I’m using the LM7321MAX operational amplifier to supply a 12V digital signal from a 5V source. For the op-amp supply voltage: is it better to use something close/equal to my output value (like 12V) or further away (like 22V)? I know the internals of an op amp are mostly BJTs so am wondering if I’ll draw the same supply current in either case, with the 20V variant therefore using more power. Thinking the 20V->12V will happen across those BJTs

Thanks for your help!


2 Answers 2


There are a number of curves showing the supply current for different supply voltages and for different temperatures and common-mode voltages, so you can predict the typical supply current. It increases with increasing supply voltage, but fairly gently.

As far your your load current, you'll need enough swing to satisfy your actual requirements, and again the datasheet provides a great number of curves. Once you have enough voltage to (worst-case) supply your required output swing, then additional voltage simply results in more power dissipation in the chip, since the additional output current is drawn directly from the power supply terminals (and possibly a bit more).

The total current drawn is the sum of the two, so it's Is + k\$\cdot\$Iout(Vsupply) where k may be a bit higher than 1, and this the power dissipation in the chip is (Is \$\cdot\$ Vsupply) + k\$\cdot\$Iout(Vsupply-Vout).
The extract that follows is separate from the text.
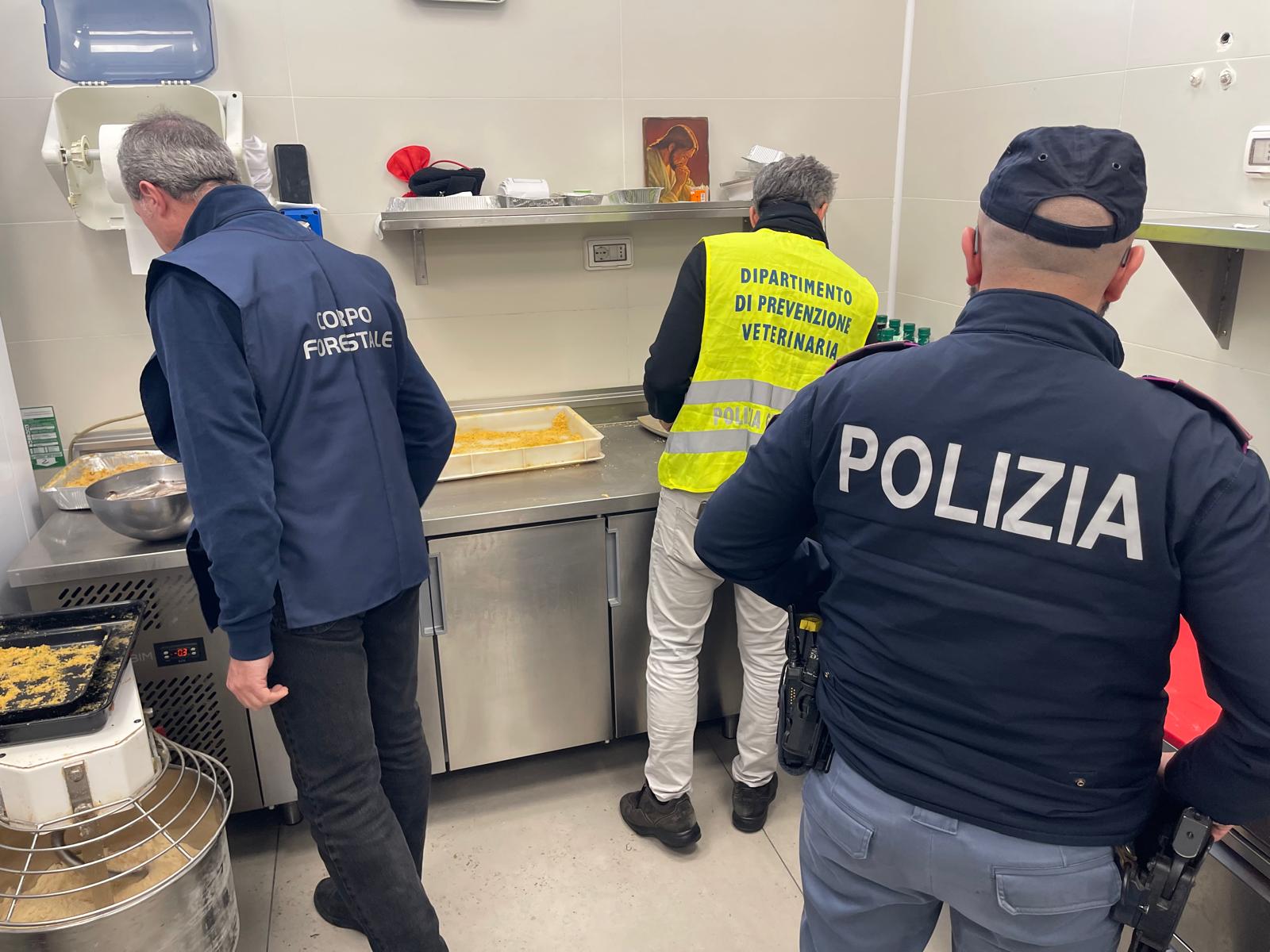 Controlli alimentari a Catania: sanzionati una pescheria-gastronomia e una società di catering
  • \$\begingroup\$ Ok that makes sense. So if I use a 20V source for the op-amp and have a max output voltage of 12V, that 8V drop between supply & output is lost to heat dissipation? \$\endgroup\$
    – cdubs
    Jan 18, 2021 at 21:31
  • \$\begingroup\$ Yes. At 0V out, all of it is lost in the chip, and then some. \$\endgroup\$ Jan 18, 2021 at 21:34
  • \$\begingroup\$ Ok, what about for 12V out though: is the 8V difference between the 20V source and the output just lost in the op-amp’s internal circuitry? \$\endgroup\$
    – cdubs
    Jan 18, 2021 at 21:47
  • 1
    \$\begingroup\$ Yes, that is what happens. \$\endgroup\$ Jan 18, 2021 at 21:48
  • \$\begingroup\$ Ok cool, thanks. So in general is there no point in supplying an op-amp with a higher voltage than you’d ever want to output? (Like max output is 15V, for example, doesn’t make sense to use 30V supply) \$\endgroup\$
    – cdubs
    Jan 18, 2021 at 21:52

This is a Rail-to-Rail output op Amp and hence CMOS, not BJT’s.

  • The bias quiescent current is guaranteed in the tables
  • the curves are for typical results.
  • as 2.0mA max (and 1.0 mA typ) at 10V or +/-5V
  • as 2.4mA max at 30V or +/-15V

It also increases slightly with temperature due to ambient or load current.

Load current is up to you with the max currents specified. VI drop in the output stage determines the self heating power.